Please set out each line below exactly as it stands, without the images.

Data segment |
+-------+

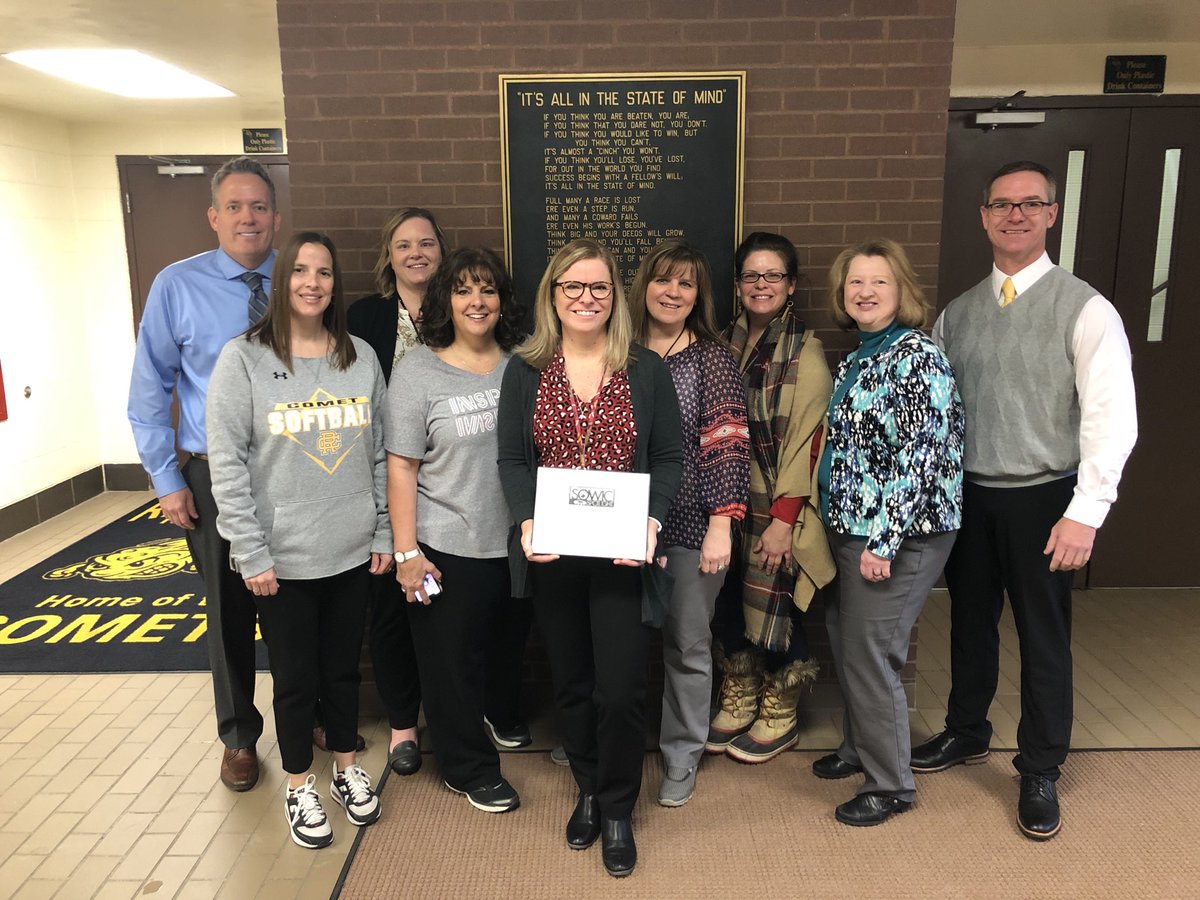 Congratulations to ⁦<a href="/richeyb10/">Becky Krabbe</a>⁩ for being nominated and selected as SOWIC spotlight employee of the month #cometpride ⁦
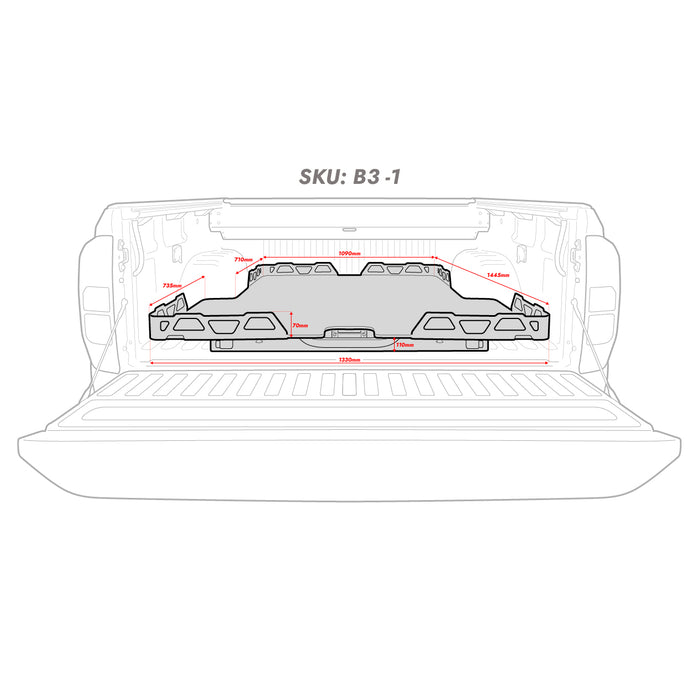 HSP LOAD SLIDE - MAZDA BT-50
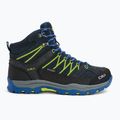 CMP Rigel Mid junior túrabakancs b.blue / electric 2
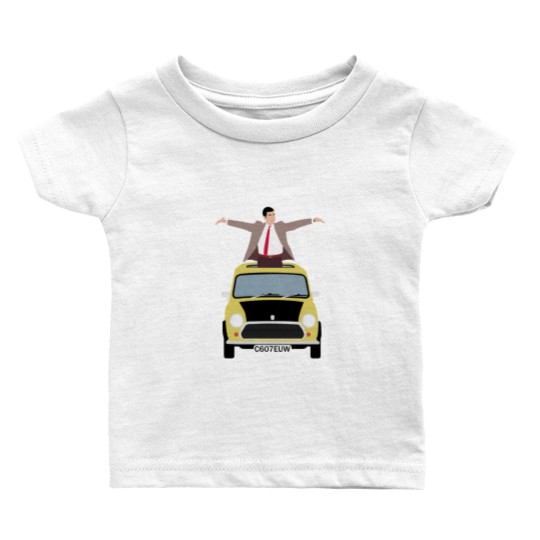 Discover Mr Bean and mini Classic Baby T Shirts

+-------+

Task solution |
 Congratulations to ⁦<a href="/richeyb10/">Becky Krabbe</a>⁩ for being nominated and selected as SOWIC spotlight employee of the month #cometpride ⁦
 HSP LOAD SLIDE - MAZDA BT-50
 CMP Rigel Mid junior túrabakancs b.blue / electric 2
 Discover Mr Bean and mini Classic Baby T Shirts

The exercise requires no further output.